**To do:**
Exactly the lines from the one with "Highlander Men Blue" through the final line of the entries, and nothing else, should appear in the answer; no pictures go in it.

++++ Raw data

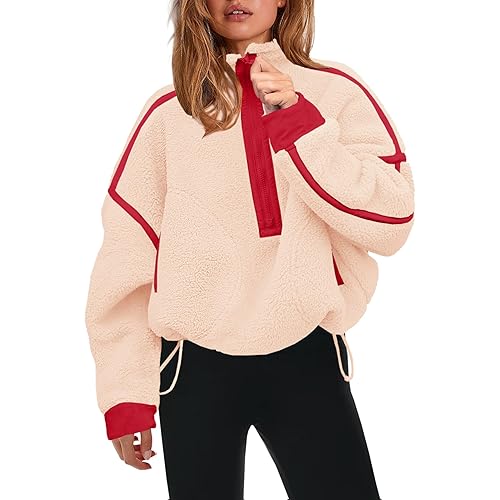 Panadila Womens Half Zip Sherpa Fleece Pullover Soft Oversized Sweatshirt with Pockets Warm Fuzzy Sweater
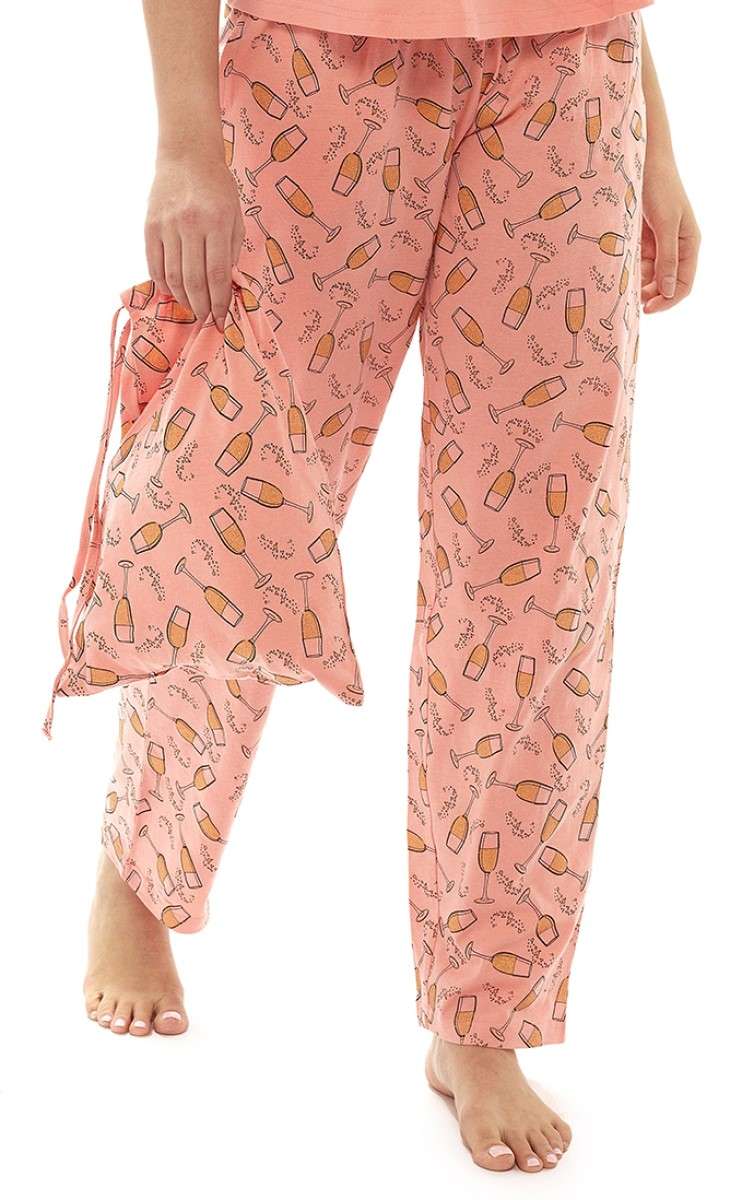 Ladies "Pop Clink Fizz" Print Cotton Pyjamas and Gift Bag Set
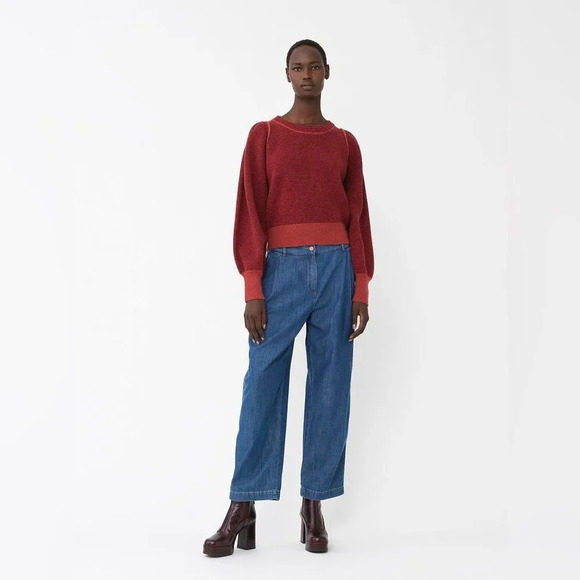 SEE BY CHLOE Puff Sleeve Sweater in Red - Picture 2 of 12
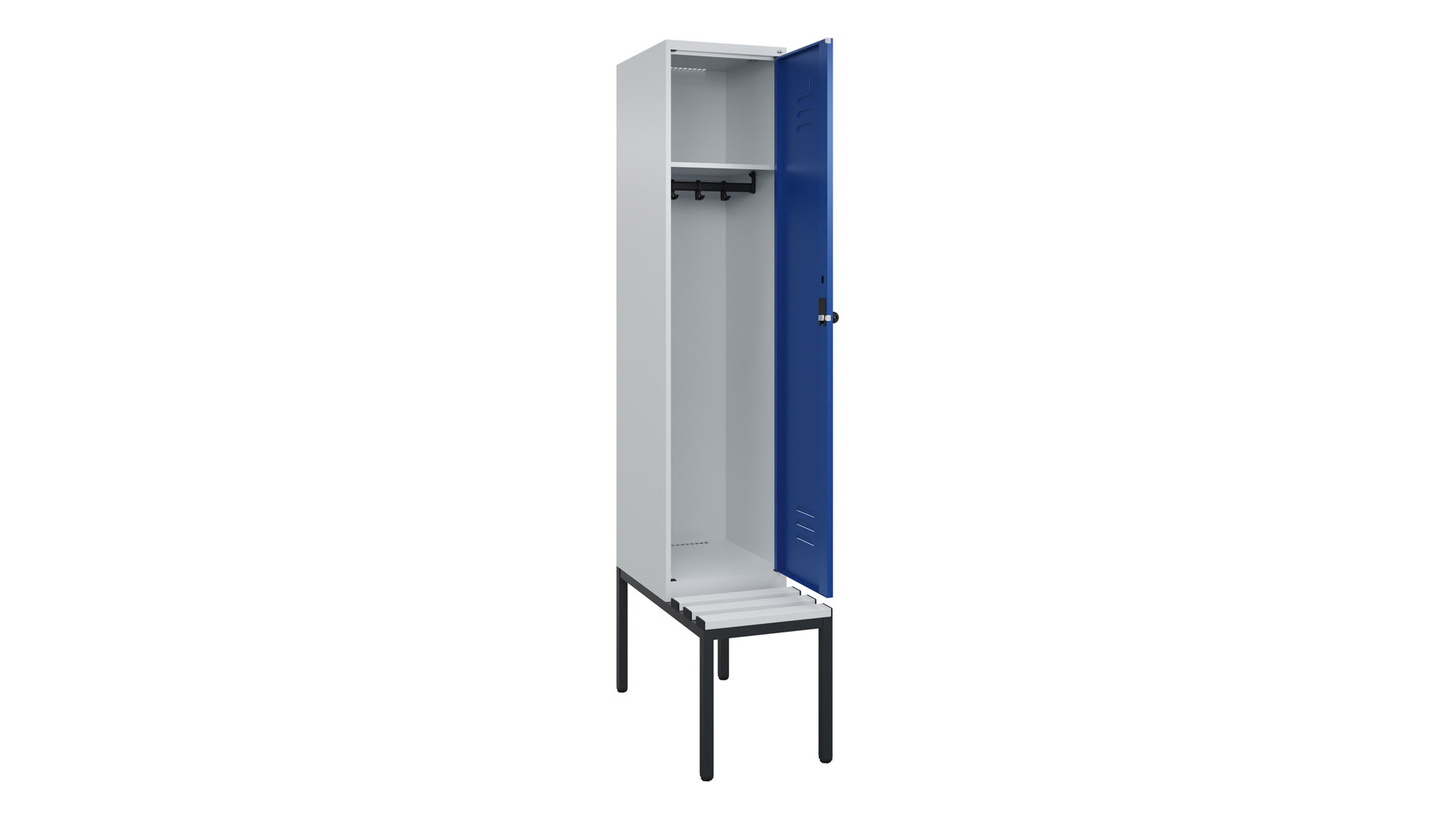 Spind - Garderobenschrank, Breite 40 cm, Höhe 212 cm, Tiefe 50 cm, 1 Abteile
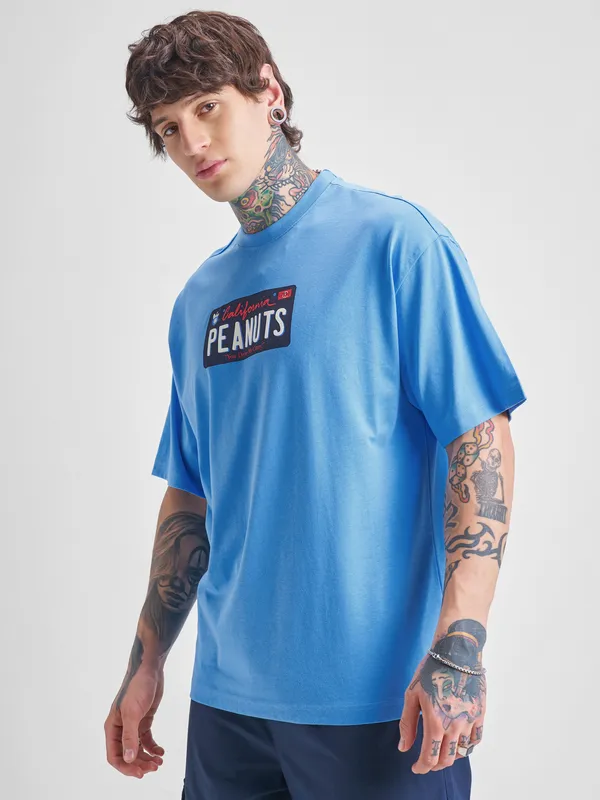 Highlander Men Blue Peanuts Printed Round Neck Oversized Fit T-Shirt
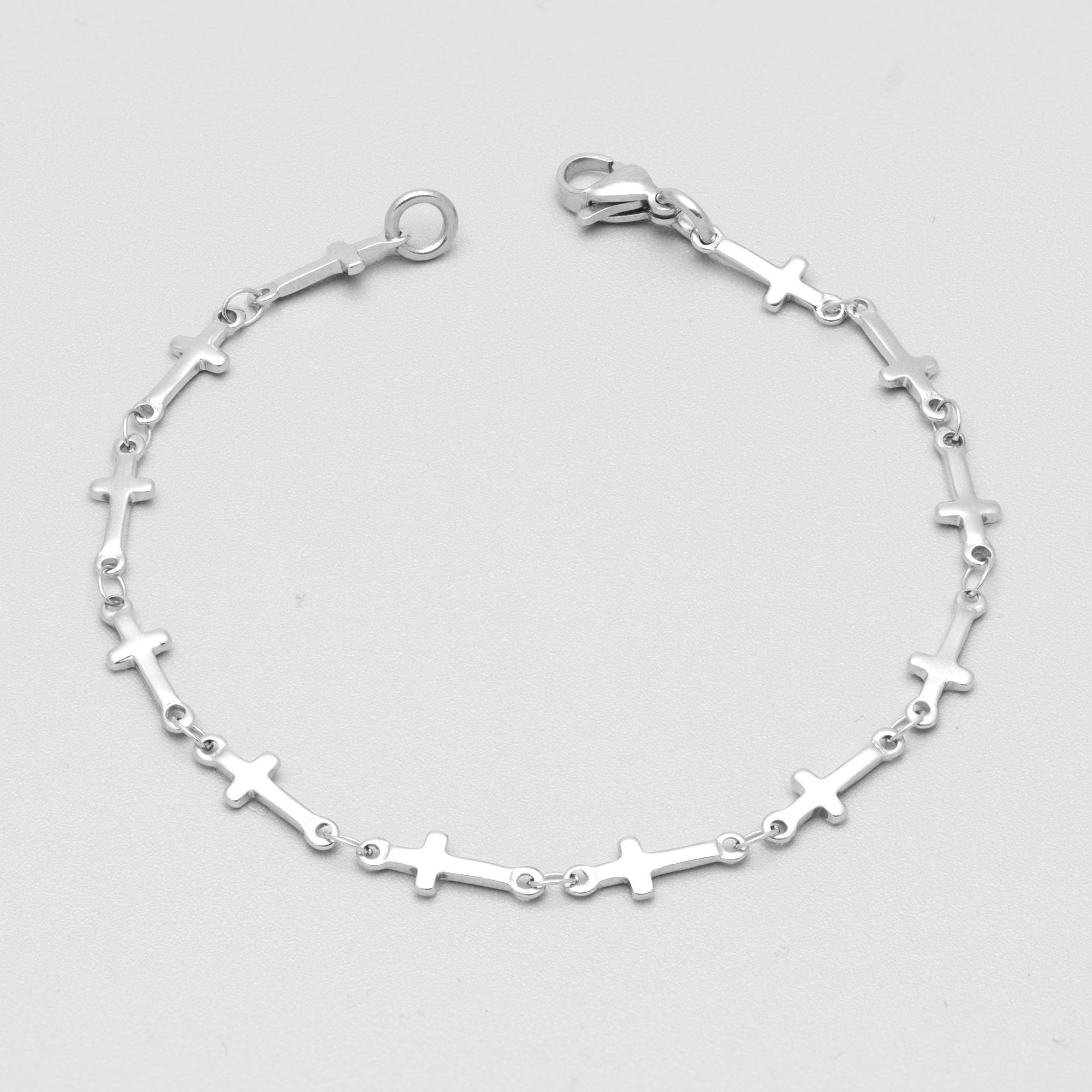 silver cross link bracelet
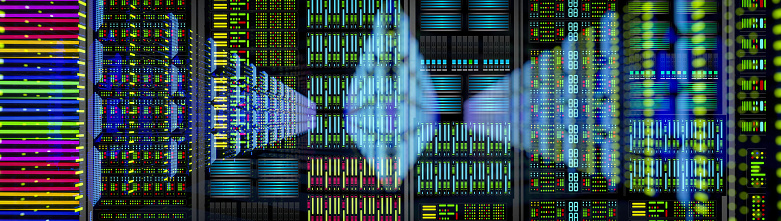 Abstract of server room in data center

++++++++

**Solution:**
 Highlander Men Blue Peanuts Printed Round Neck Oversized Fit T-Shirt
 silver cross link bracelet
 Abstract of server room in data center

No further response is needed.